Event -Driven Architecture Patterns

Problem Description

There are a variety of architectural patterns designed to support an event-driven architecture, and in order to ensure implementation success, a consistent and shared approach to event asynchronous event-driven architecture is required.

Background

Ebury technology architecture has expanded in size and complexity over many years. The evolution of its systems have centered around a few key custom applications that have become difficult to adapt to rapidly changing business needs and increasingly complex to maintain.

The Ebury 2.0 blueprint documents the business drivers in detail and concludes a decoupled, secure and robust architecture, based on event-driven design, will deliver the technical agility required to meet business needs.

The use cases associated with the current phase of Ebury 2.0 are mainly associated with the strangler pattern – gradual migration of functionality from a monolith system to a target e.g., beneficiaries. The primary pattern identified to achieve BOS decomposition is the ‘Change Data Capture’ pattern (described in this document).

Solution

Document patterns that support an asynchronous event-driven architecture with guidance on the benefits and drawbacks of each – to be discussed and agreed with engineering teams.

This document will continue to expand with new patterns added as appropriate.

Change Data Capture (CDC) Pattern

Change data Capture ensures database changes are observed and extracted as change events and replicated to a target data store. Effectively CDC treats a database (the DB that changes are captured) as a leader and downstream data stores as followers – log based message queues are well suited to transporting the change events.

CDC is commonly implemented when data changes occurring in a database are required to be replicated to another database or reacted to by down stream systems/services and it’s impractical to capture/divert a data change at the perimeter of a system or by amending the underlying application code.

In the context of a migration, CDC is commonly applied when deconstructing a monolith application to support other strategies such as when applying a strangler pattern.

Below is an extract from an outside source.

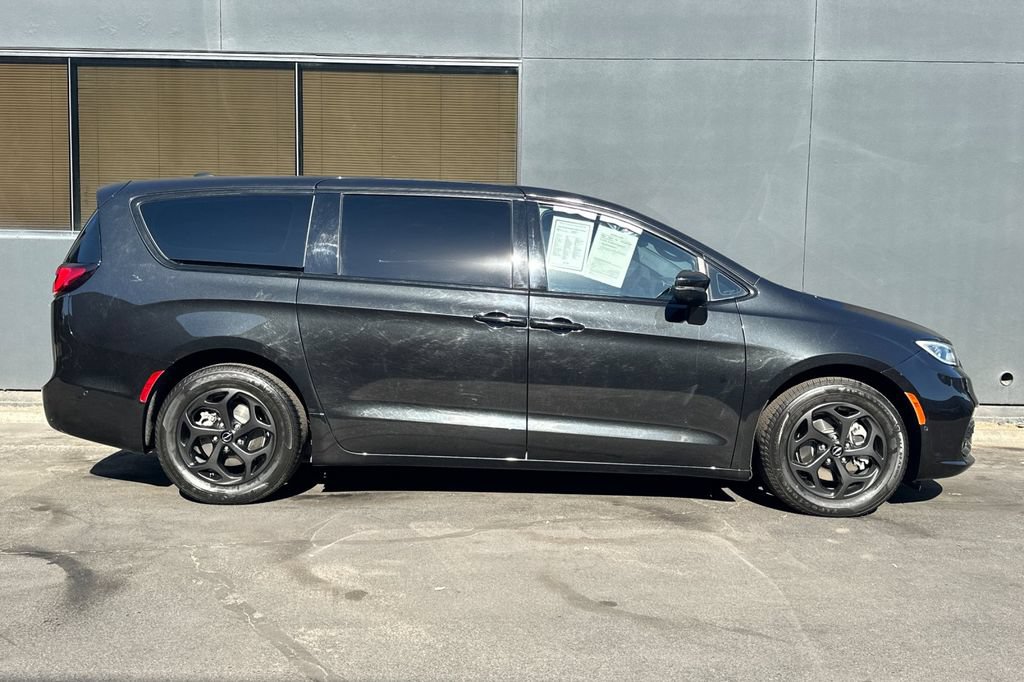 Used 2023 Chrysler Pacifica Touring-L w/ Uconnect Theater Family Group FWD image 3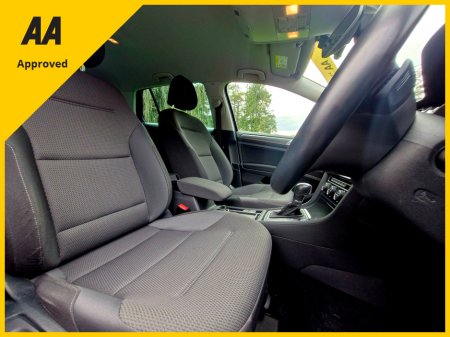 2019 Volkswagen Golf AUTO+LOW KM's+Nice Spec!!)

Separately, CDC is used to replicate data for a multitude of reasons – resilience, materialised views etc.

Although a useful pattern, the use of this pattern should be minimised and must be recognised as a transition step only and not the end goal, because it does encourage coupling to the internal data model and each of its implementations do present challenges.

The following are some implementation approaches of CDC:

Change Data Capture - Log based

Database changes are written to an append only log ready for extraction into change events – the implementation varies between platforms e.g., PostgreSQL changes are extracted via the WAL log, whereas MongoDB offers an event stream interface.

A common implementation approach is to utilise a ready made connector (available to some DB’s), an example below (fig. 1)

Write-Ahead-Log fig. 1

Event Driven Design Patterns

Positives

  • All changes are captured: Create, Update and delete (this isn’t true of all CDC implementations)

  • Minimal impact of data store performance

  • Updates can be propagated to a destination from source immediately which results in relatively low latency replication.

Negatives

  • Careful consideration is required when managing access to the underlying data model, given that all changes are exposed in the change log – can be a considerable overhead for data engineering teams.

  • Change logs contain all changes (Change events) and therefore by and large normalisation is often left to the downstream services – impacts performance and potentially risks data integrity.

  • Tight coupling of the data source schema to events – a change to a source DB schema could break downstream event consumers.

  • Depending on the use case, asynchronous data replication requires careful consideration (see CQRS pattern for ‘read your own writes’ & Kafka standards for data guarantees)

Change Data Capture – Query

This pattern is fairly simple, it involves querying a database for specific data and then submitting the results to a destination e.g.,data stream.

Positives

  • Totally customisable – select the data that is required and the schedule at which the database should be polled.

  • Given the data query is customised it means the output can be isolated from the data model thus keeping the domain model private to avoid data misinterpretations and tight coupling by downstream teams.

Negatives

  • Understanding which data has changed since the previous query

  • Deleted data isn’t marked as removed and are not traceable.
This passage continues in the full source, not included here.